> About this exercise: Return only what runs from the line containing "Textura de casca de árvore" through the last line of the entries below, exactly, omitting pictures.

Records shown Start Marker

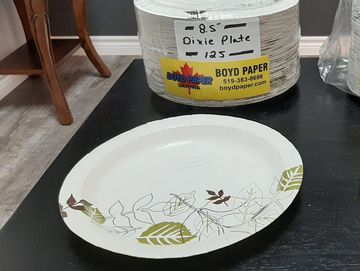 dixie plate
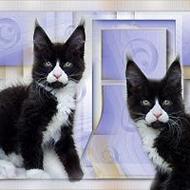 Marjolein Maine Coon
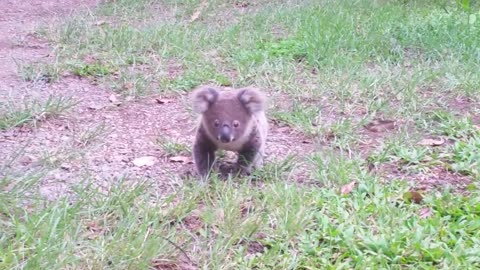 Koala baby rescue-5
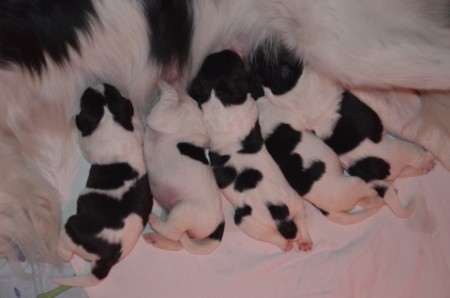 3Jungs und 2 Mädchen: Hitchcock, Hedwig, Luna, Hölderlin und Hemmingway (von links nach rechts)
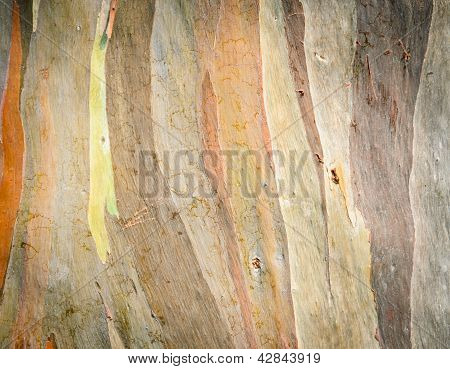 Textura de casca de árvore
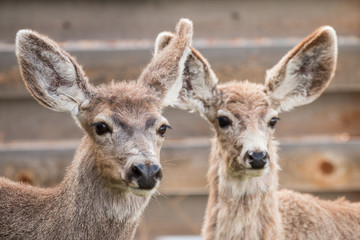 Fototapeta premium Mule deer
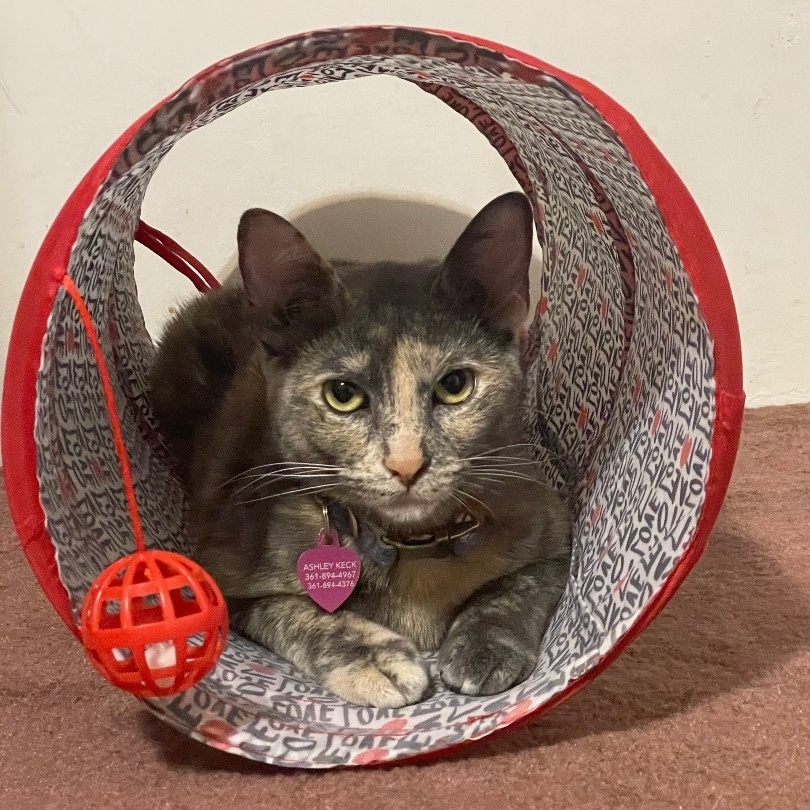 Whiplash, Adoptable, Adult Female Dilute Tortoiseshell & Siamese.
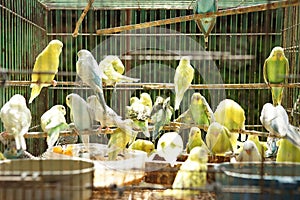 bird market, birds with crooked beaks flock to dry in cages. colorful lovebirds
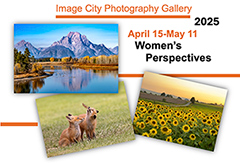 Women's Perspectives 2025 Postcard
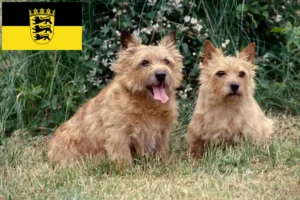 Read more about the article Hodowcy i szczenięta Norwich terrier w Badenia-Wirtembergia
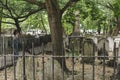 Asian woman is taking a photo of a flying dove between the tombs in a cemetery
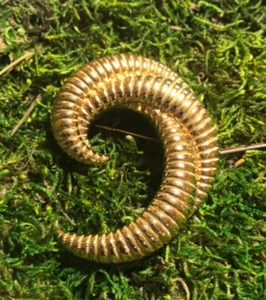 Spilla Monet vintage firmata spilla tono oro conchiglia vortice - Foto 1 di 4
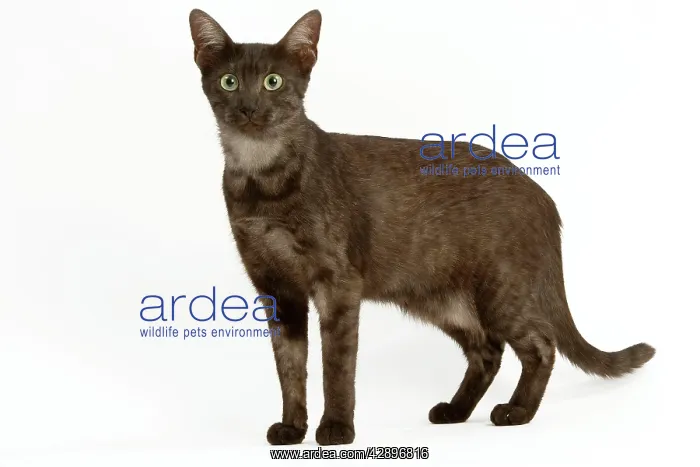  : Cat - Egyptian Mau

Records shown End Marker

> Task solution:
 Textura de casca de árvore
 Fototapeta premium Mule deer
 Whiplash, Adoptable, Adult Female Dilute Tortoiseshell & Siamese.
 bird market, birds with crooked beaks flock to dry in cages. colorful lovebirds
 Women's Perspectives 2025 Postcard
 Read more about the article Hodowcy i szczenięta Norwich terrier w Badenia-Wirtembergia
 Asian woman is taking a photo of a flying dove between the tombs in a cemetery
 Spilla Monet vintage firmata spilla tono oro conchiglia vortice - Foto 1 di 4
  : Cat - Egyptian Mau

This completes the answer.